AIM OF THE EXERCISE: Leave the images out. Give every line below again, precisely.

PROVIDED ENTRIES:
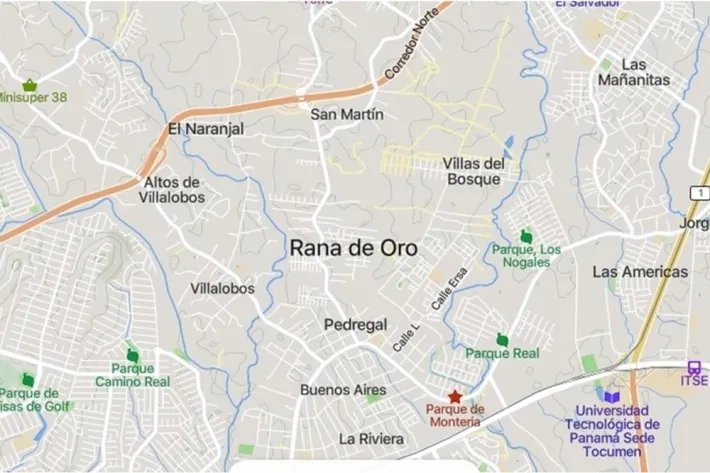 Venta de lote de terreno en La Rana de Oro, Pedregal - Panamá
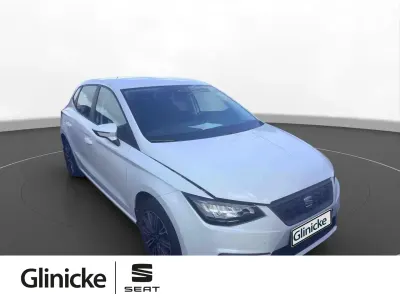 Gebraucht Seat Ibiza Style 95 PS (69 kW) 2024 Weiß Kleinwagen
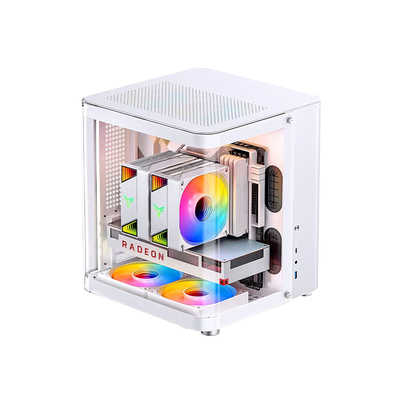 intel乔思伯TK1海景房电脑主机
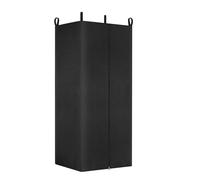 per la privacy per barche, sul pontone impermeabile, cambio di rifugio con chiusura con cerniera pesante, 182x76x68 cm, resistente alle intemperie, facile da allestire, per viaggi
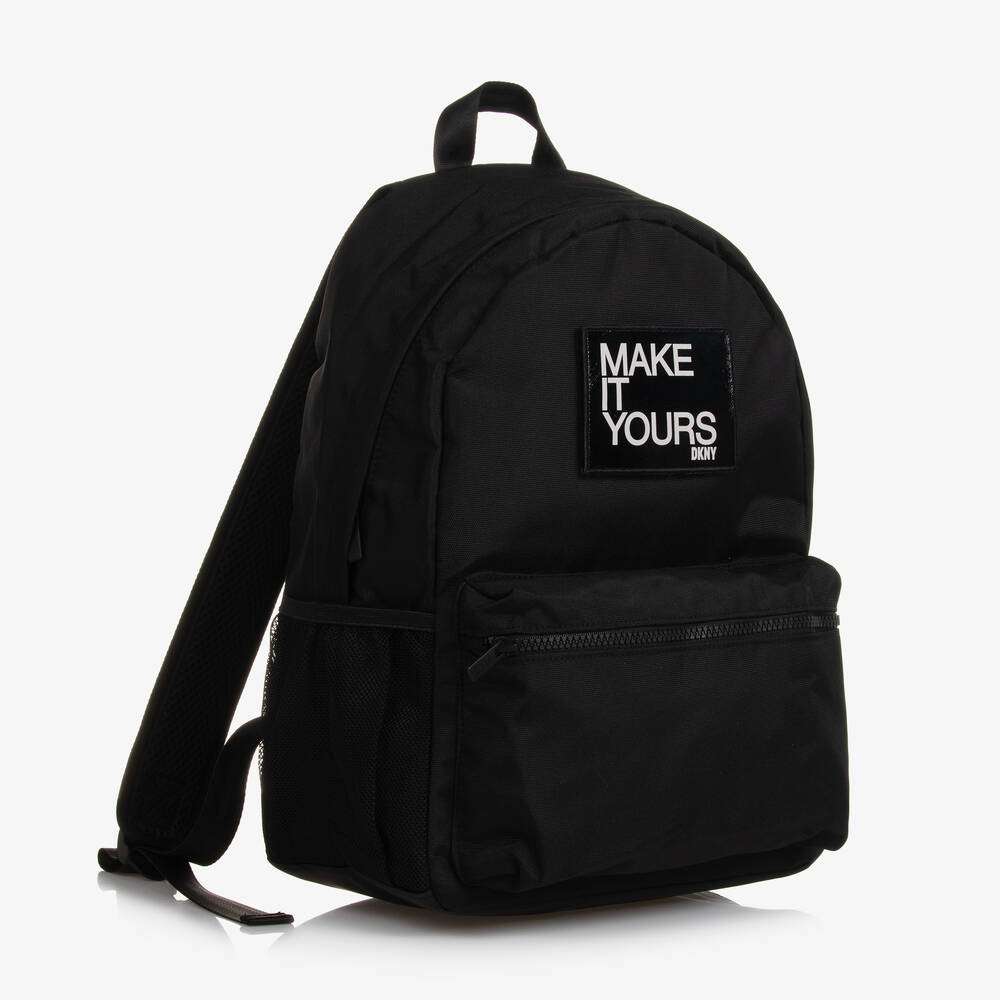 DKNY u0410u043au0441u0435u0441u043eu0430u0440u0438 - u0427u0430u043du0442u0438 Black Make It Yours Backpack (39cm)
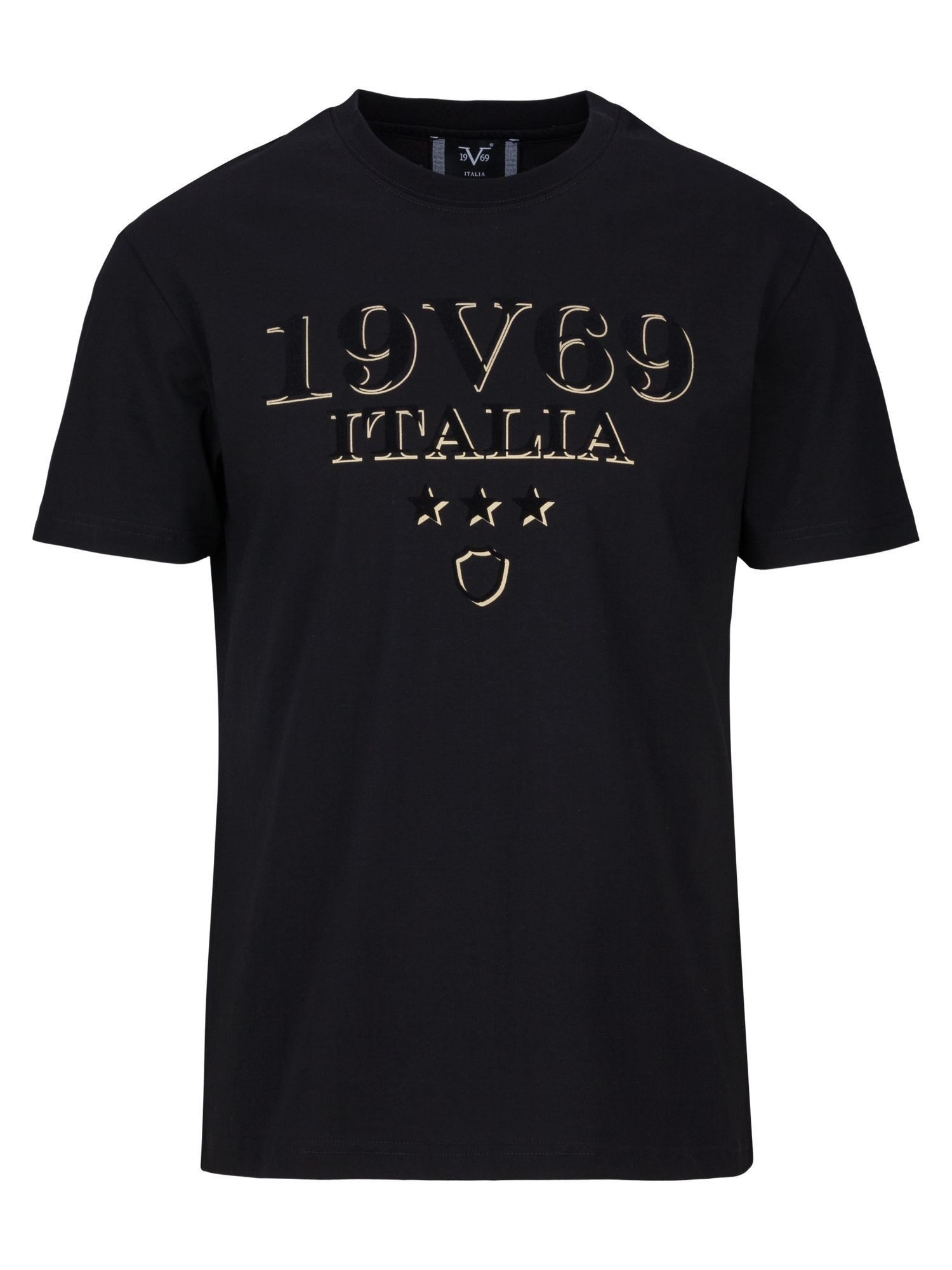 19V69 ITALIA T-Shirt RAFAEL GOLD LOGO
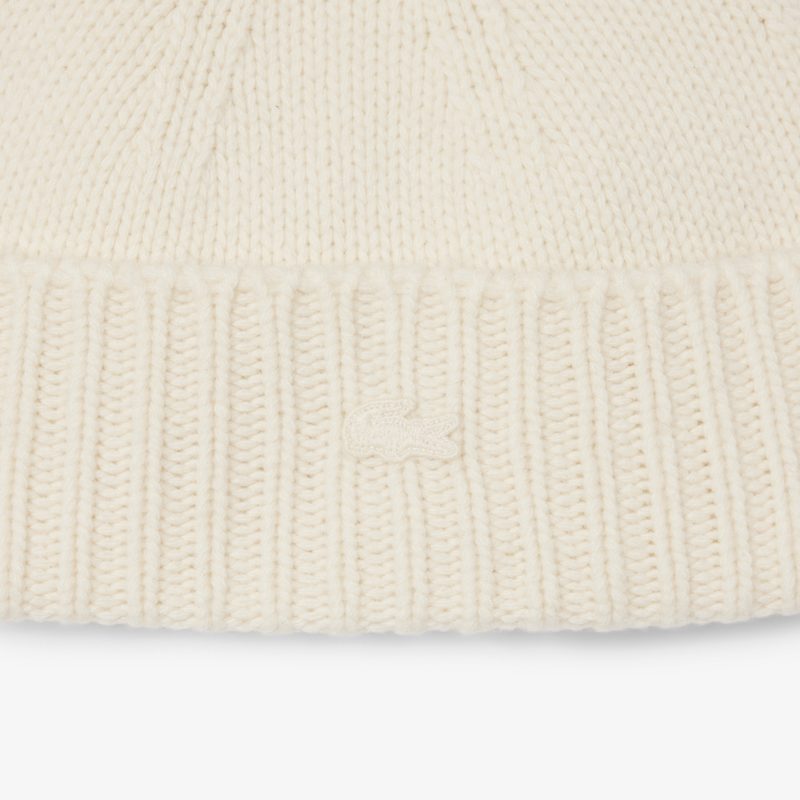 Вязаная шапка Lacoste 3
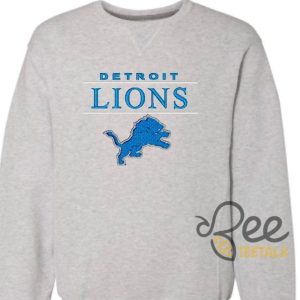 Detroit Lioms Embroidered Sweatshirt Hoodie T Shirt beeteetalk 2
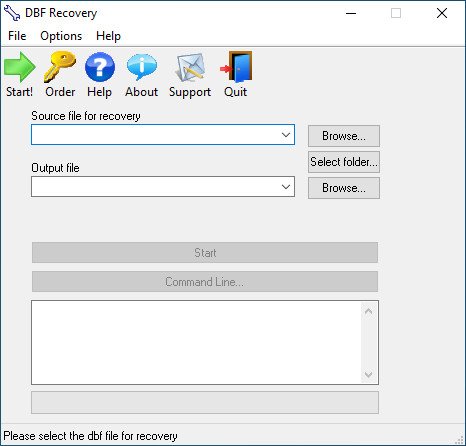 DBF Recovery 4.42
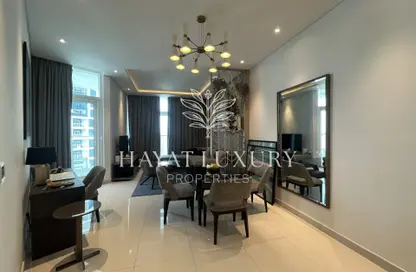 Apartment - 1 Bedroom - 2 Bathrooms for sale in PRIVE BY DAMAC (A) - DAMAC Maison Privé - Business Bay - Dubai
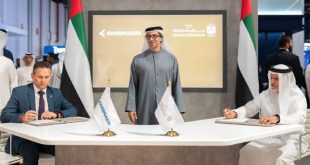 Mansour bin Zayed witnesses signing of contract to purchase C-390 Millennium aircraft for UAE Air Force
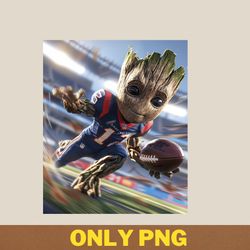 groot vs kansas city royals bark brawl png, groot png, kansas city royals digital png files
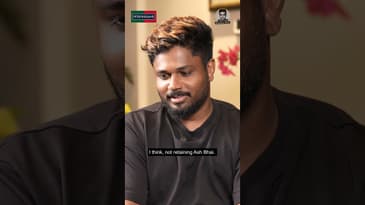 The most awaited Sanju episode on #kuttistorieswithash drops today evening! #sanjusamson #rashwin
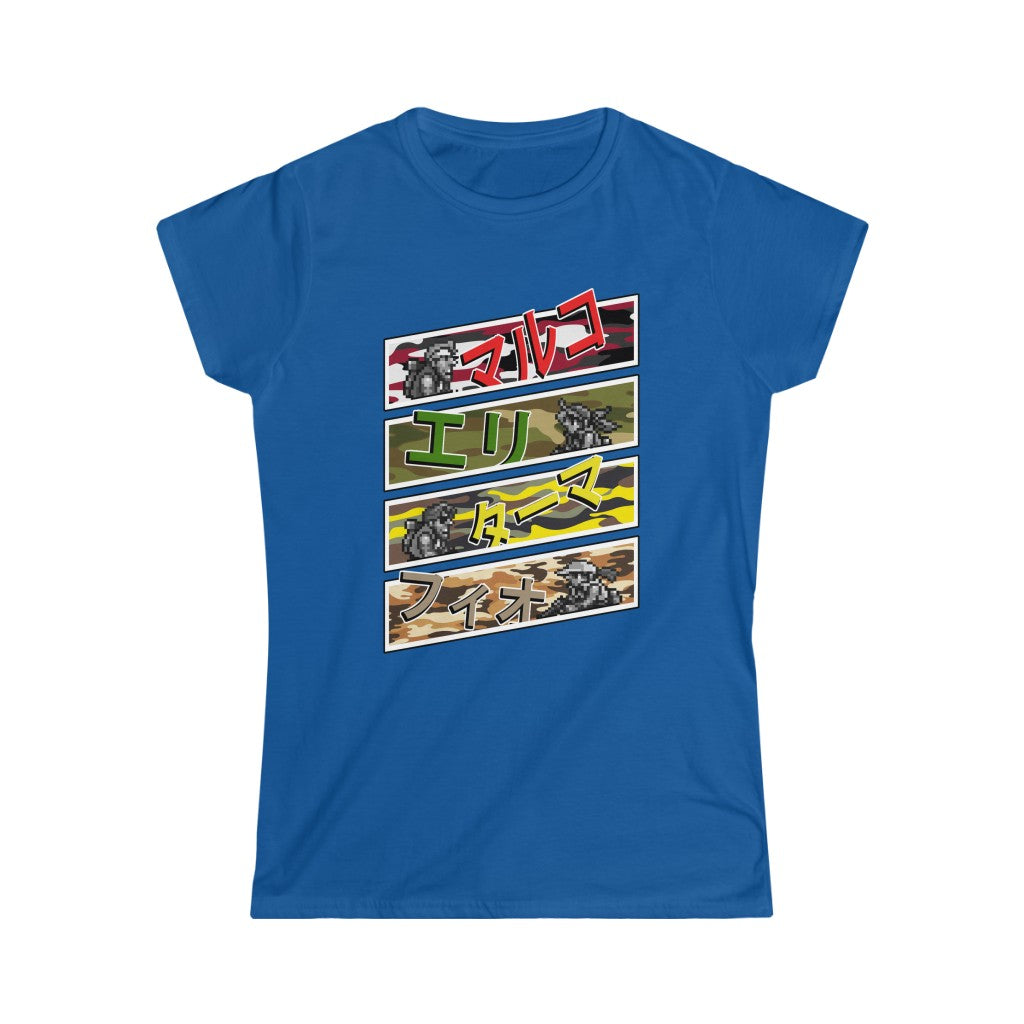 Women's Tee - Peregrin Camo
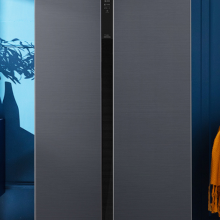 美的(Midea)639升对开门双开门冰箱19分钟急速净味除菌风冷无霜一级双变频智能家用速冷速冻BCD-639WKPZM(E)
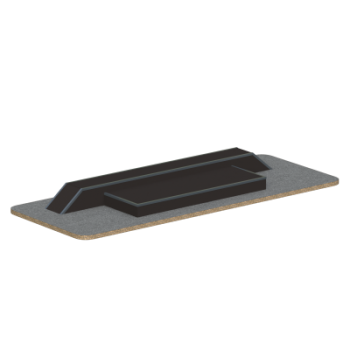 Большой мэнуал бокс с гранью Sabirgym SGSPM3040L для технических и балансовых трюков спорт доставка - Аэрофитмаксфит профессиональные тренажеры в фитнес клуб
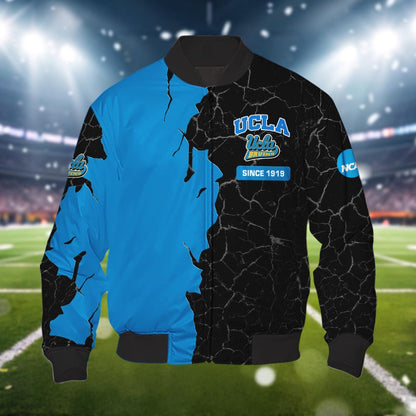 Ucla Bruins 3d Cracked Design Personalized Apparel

RESPONSE TO THE EXERCISE:
 Venta de lote de terreno en La Rana de Oro, Pedregal - Panamá
 Gebraucht Seat Ibiza Style 95 PS (69 kW) 2024 Weiß Kleinwagen
 intel乔思伯TK1海景房电脑主机
 per la privacy per barche, sul pontone impermeabile, cambio di rifugio con chiusura con cerniera pesante, 182x76x68 cm, resistente alle intemperie, facile da allestire, per viaggi
 DKNY u0410u043au0441u0435u0441u043eu0430u0440u0438 - u0427u0430u043du0442u0438 Black Make It Yours Backpack (39cm)
 19V69 ITALIA T-Shirt RAFAEL GOLD LOGO
 Вязаная шапка Lacoste 3
 Detroit Lioms Embroidered Sweatshirt Hoodie T Shirt beeteetalk 2
 DBF Recovery 4.42
 Apartment - 1 Bedroom - 2 Bathrooms for sale in PRIVE BY DAMAC (A) - DAMAC Maison Privé - Business Bay - Dubai
 Mansour bin Zayed witnesses signing of contract to purchase C-390 Millennium aircraft for UAE Air Force
 groot vs kansas city royals bark brawl png, groot png, kansas city royals digital png files
 The most awaited Sanju episode on #kuttistorieswithash drops today evening! #sanjusamson #rashwin
 Women's Tee - Peregrin Camo
 美的(Midea)639升对开门双开门冰箱19分钟急速净味除菌风冷无霜一级双变频智能家用速冷速冻BCD-639WKPZM(E)
 Большой мэнуал бокс с гранью Sabirgym SGSPM3040L для технических и балансовых трюков спорт доставка - Аэрофитмаксфит профессиональные тренажеры в фитнес клуб
 Ucla Bruins 3d Cracked Design Personalized Apparel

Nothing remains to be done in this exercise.